Single by Soul Family Sensation

from the album New Wave
- A-side: "Other Stuff"
- Released: 24 February 1992
- Length: 4:22
- Label: One Little Indian
- Songwriters: Guy Batson, Johnny Male
- Producers: Steward Brian Pugsley, Guy Batson, Johnny Male

Soul Family Sensation singles chronology
| "Perfect Life" / "747 Tonight" (1991) | "The Day You Went Away" / "Other Stuff" (1992) |  |

= The Day You Went Away =

1992 single by Soul Family Sensation

"The Day You Went Away" is a song by English pop/soul group Soul Family Sensation, released in February 1992 as the third single from the group's 1991 debut studio album, New Wave, on One Little Indian Records. It was written by Guy Batson and Johnny Male. Despite the success of their first single, "I Don't Even Know If I Should Call You Baby", which peaked at No. 49 on the UK Singles Chart, "The Day You Went Away" did not chart. In 1992, Australian singer-songwriter Wendy Matthews covered the song, which reached No. 2 on the Australian Singles Chart and won two ARIA Music Awards.

==Track listings==
7-inch single
A. "The Day You Went Away"
AA. "Other Stuff" (Piccadilly Line mix)

12-inch and CD single
1. "The Day You Went Away"
2. "Other Stuff" (Circle Line mix)
3. "Other Stuff" (Piccadilly Line mix)
4. "Other Stuff" (Central Line mix)

==Wendy Matthews version==

Wendy Matthews' cover was released 17 August 1992 by rooArt as the lead single from her second solo studio album, Lily (1992). The song debuted on the Australian ARIA Singles Chart in August 1992, eventually peaking at No. 2 in December of the same year. This is Matthews' highest-charting single on the Australian chart. In the United Kingdom and Europe, the song was released on rooART in 1993 but was not a hit. Matthews subsequently included the song on her 1999 Greatest Hits album, Stepping Stones, and her 2007 compilation album, The Essential Wendy Matthews.

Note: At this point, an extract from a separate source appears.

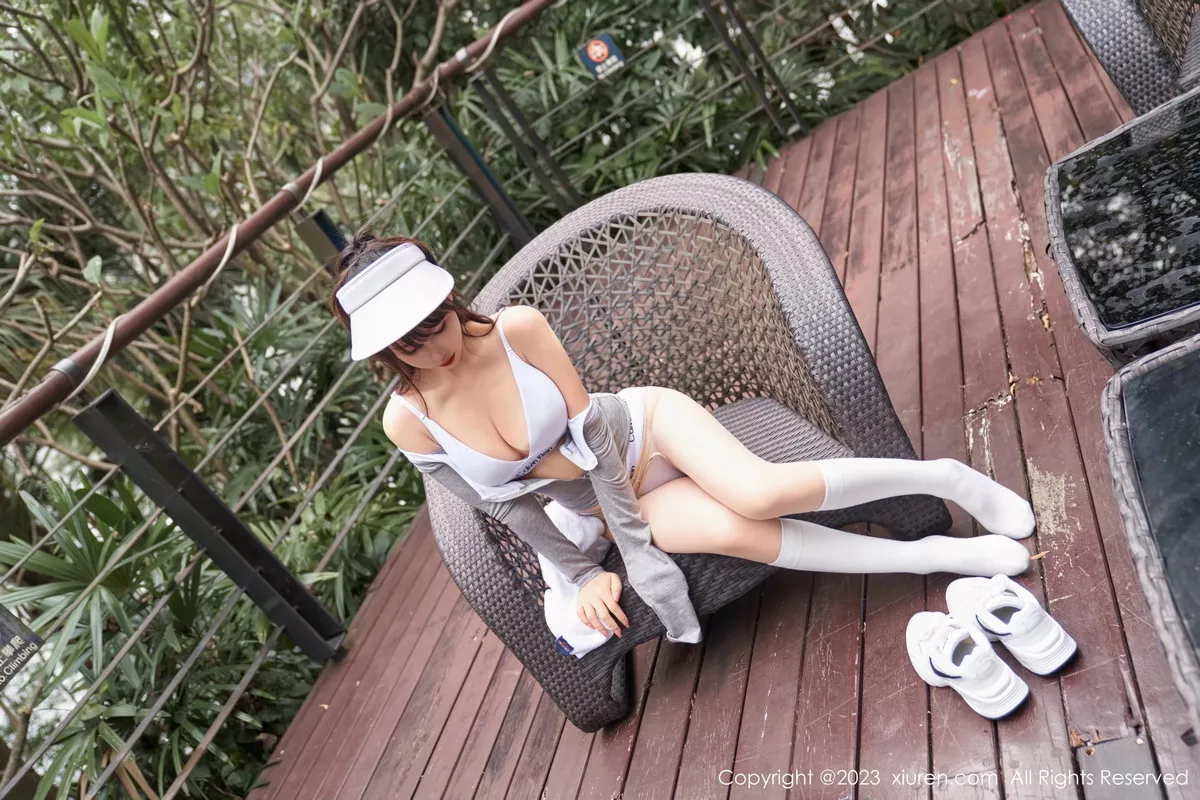 秀人集.com_[XiuRen秀人网]No.7657_模特波巧酱性感灰色运动套装露白色内衣秀凹凸身材完美诱惑写真84P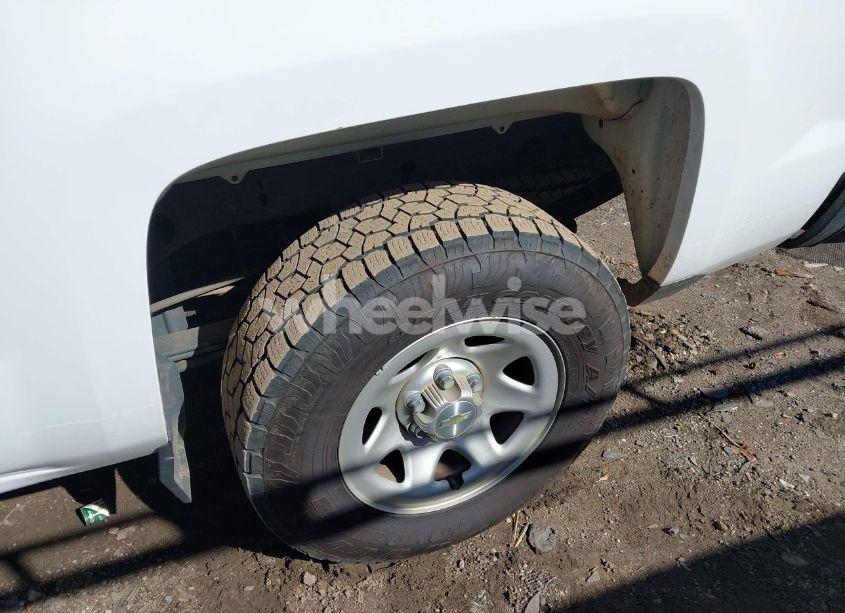 Photo 12 of 2018 Chevrolet Silverado 1500 WT (VIN 1GCVKNEC3JZ179423)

"The Day You Went Away" won two ARIA Music Awards at the ARIA Music Awards of 1993: one for Single of the Year and one for Highest Selling Single.

===Composition===
"The Day You Went Away" is performed in a slow 4/4 time with a vocal range of E4 to C♯6.

===Track listings===

Australian CD and cassette single
| No. | Title | Writer(s) | Length |
|---|---|---|---|
| 1. | "The Day You Went Away" | Guy Batson, Johnny Male |  |
| 2. | "I Don't Want to Be with Nobody but You" (recorded live Melbourne, May 1991) | Eddie Floyd |  |
| 3. | "Won't Let Me Be (Georgia's Song)" (recorded live Melbourne, May 1991) | Andrew Duffield, James Valentine, Wendy Matthews |  |

Australian 7-inch single
| No. | Title | Writer(s) | Length |
|---|---|---|---|
| 1. | "The Day You Went Away" | Batson, Male |  |
| 2. | "I Don't Want to Be with Nobody but You" (recorded live Melbourne, May 1991) | Floyd |  |

===Charts===

====Weekly charts====

| Chart (1992) | Peak position |
|---|---|
| Australia (ARIA) | 2 |

====Year-end charts====

| Chart (1992) | Position |
|---|---|
| Australia (ARIA) | 8 |

===Sales and certifications===

| Region | Certification | Certified units/sales |
| Australia (ARIA) | Platinum | 70,000^{^} |
^{^} Shipments figures based on certification alone.